Because he liked clarity, and perhaps because his training was not in economics, Fischer avoided excessive formalization. His papers were the antithesis of the unnecessarily rigorous lemma-filled research papers of financial economics journals. He tried to write as he spoke, in a terse but good-natured conversational style, using clear but casual, unadorned English. There was a touch of jerkiness to his prose because it lacked the technically superfluous conjunctions-and, but, thus, and therefore-that people commonly use to link the flow of sentences in scientific articles.

Fischer expected clarity and directness from others, too. Though he was generous with his time and didn’t care about rank, you had to prepare for an audience with him. If it was evident that you hadn’t thought carefully about your question, you quickly discovered that he wasn’t going to do the thinking for you. And, if you didn’t grasp his answer and repeated your question, he would simply repeat his answer.

A very direct man, he was uncomfortable with small talk. When he had nothing to say, he said nothing; this could be disconcerting on the telephone, where he often simply kept silent for a minute or two without terminating the conversation. Sometimes, this led you to babble in an attempt to fill the silence, until Fischer simply said an abrupt goodbye and hung up.

He once told me that one of the things that limited his influence was the fact that he always told people the truth, even if they didn’t want to hear it, a characteristic I can vouch for myself. When he grew skeptical of some of the information technology managers in his division at Goldman in the early 1990s, he purposefully met with them all and then made a frank list of who was good and who was bad, and handed it over to his bosses. He laughed sheepishly but half-proudly when he conceded that he had been naive to think that he would gain anything from this.

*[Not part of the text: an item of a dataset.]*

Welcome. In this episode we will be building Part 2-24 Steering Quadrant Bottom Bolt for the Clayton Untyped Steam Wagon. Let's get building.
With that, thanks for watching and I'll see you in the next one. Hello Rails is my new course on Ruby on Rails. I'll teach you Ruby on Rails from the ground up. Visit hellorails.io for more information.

Among Goldman partners he struck me as always a bit of an outsider. In the era before the firm went public, a “class” of partners was appointed once every two years, and each of them then advanced by being allowed to buy progressively larger shares of the company. Fischer once said to me that he was proud of possessing fewer shares than anyone else in his class of 1986.

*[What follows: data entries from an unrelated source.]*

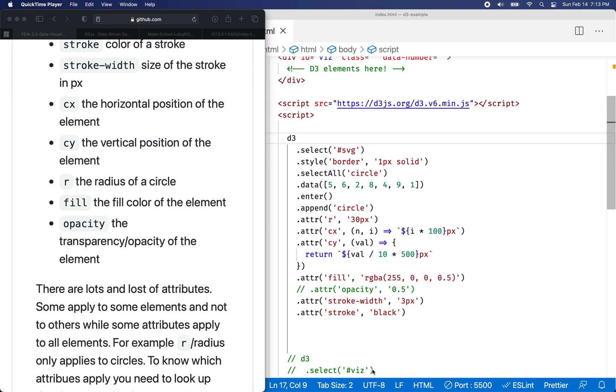Hello again. Here we are to continue our discussion of JavaScript, D3, and data visualization.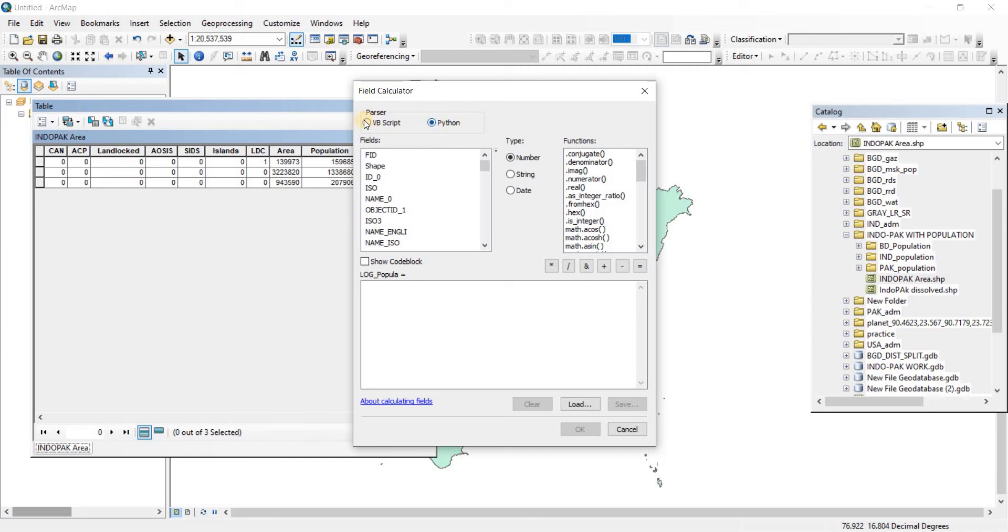If you don't know Python, VBScript is very useful for you because it is very simple and you can also find VBScript in Excel files as well.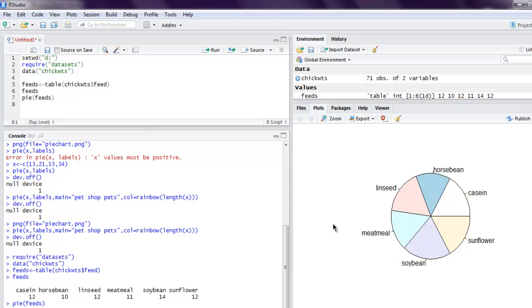Okay, so what we have seen so far is how to use pie function, how to create a simple pie chart, how to use rainbow colors for the values, and also seen how to use data set for creating pie chart.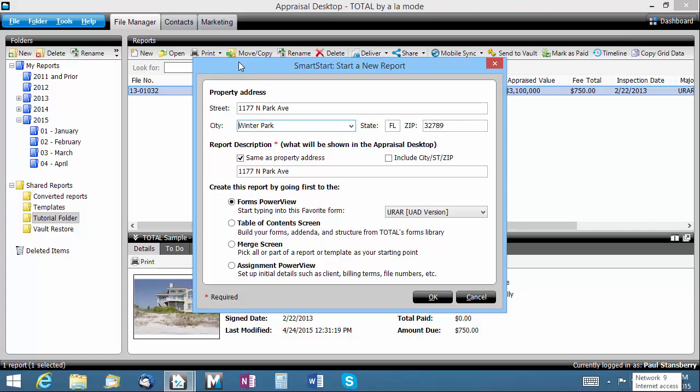If you work from a template or consistently want to work from previous reports created in the same area as your current assignment subject, then Smart Merge is the recommended way to save the most time when starting your new report.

This directness and informality characterized his research, too. His approach seemed to me to consist of unafraid hard thinking, intuition, and no great reliance on advanced mathematics. This was inspiring to lesser mortals. He attacked problems directly, with whatever skills he had at his command, and often they worked. He gave you the sense (perhaps misguided) that you could discover deep truths with whatever skills you had, too, if you were willing to think hard. He was guided by his great economic intuition; though his mathematical skills were unexceptional, his instinct was strong, and he was tenacious in trying to attain insight before resorting to mathematics.

In modeling he had a taste for the concrete: He liked to describe the financial world with variables that represented observable phenomena rather than hidden statistical or econometric factors. He thought practical usefulness and accuracy were more important than elegance, despite the unquestionable elegance that lends so much appeal to the Black-Scholes-Merton framework he founded. He had a strong pragmatic streak; he was at least as much a practitioner as an academic, willing to devote time and attention to software, trading systems, and user interfaces. He thought that these were just as important as the models themselves.

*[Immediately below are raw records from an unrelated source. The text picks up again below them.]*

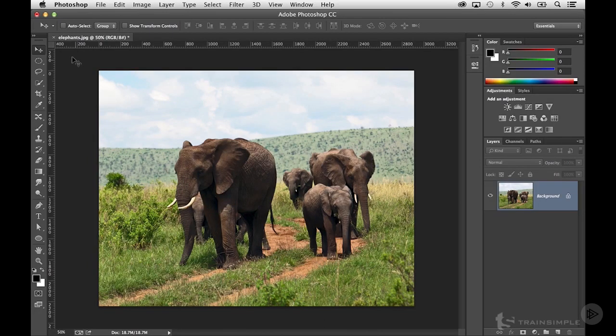When you're working with selection tools, oftentimes you'll feather your selection to create a smoother transition between your selected pixels and your non-selected pixels. Anti-aliasing does this a little bit — it will create transitionary pixels between the foreground color and the background color. However, feathering works in a completely different way. What feathering does is it blurs the pixels on either side of the selection, giving you a little bit more control over creating a more subtle transition between the selected and non-selected pixels.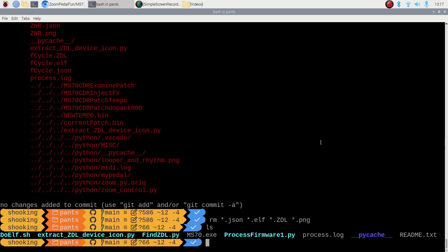So just to recap, you have the ZDLs, which are the first generation Zoom FX, and that you can manipulate with the Zoom Device Manager. And then you have the second generation, ZD2s, and that's things like a G1X4, B1X4, G5N, G3N, that sort of pedal.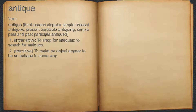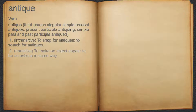Antique. Verb. 1. Intransitive: to shop for antiques, to search for antiques. 2. Transitive: to make an object appear to be an antique in some way.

Chapter 12: A Severed Head

Salomon was a tough place. The first thing I noticed when I started work was that everyone came late for meetings. The most senior people arrived last, each of them popping their heads into the door to see if everyone else was there and then quickly leaving again if they weren’t. The junior people took advantage of this chronic lateness to be late themselves. Everyone was so determined to not have his or her own time wasted that they collectively wasted everyone else’s. This would not have happened at Goldman.

The level of fear that permeated Salomon was more evident, too. Friends of mine who wanted to leave the firm were semi paranoid that their bosses would discover that they were interviewing elsewhere and then fire them before they left. I never heard anyone at Goldman speak this way; despite the natural tension between employer and employee, most Goldman workers never imagined that exercising their right to look at other jobs would naturally lead to being fired.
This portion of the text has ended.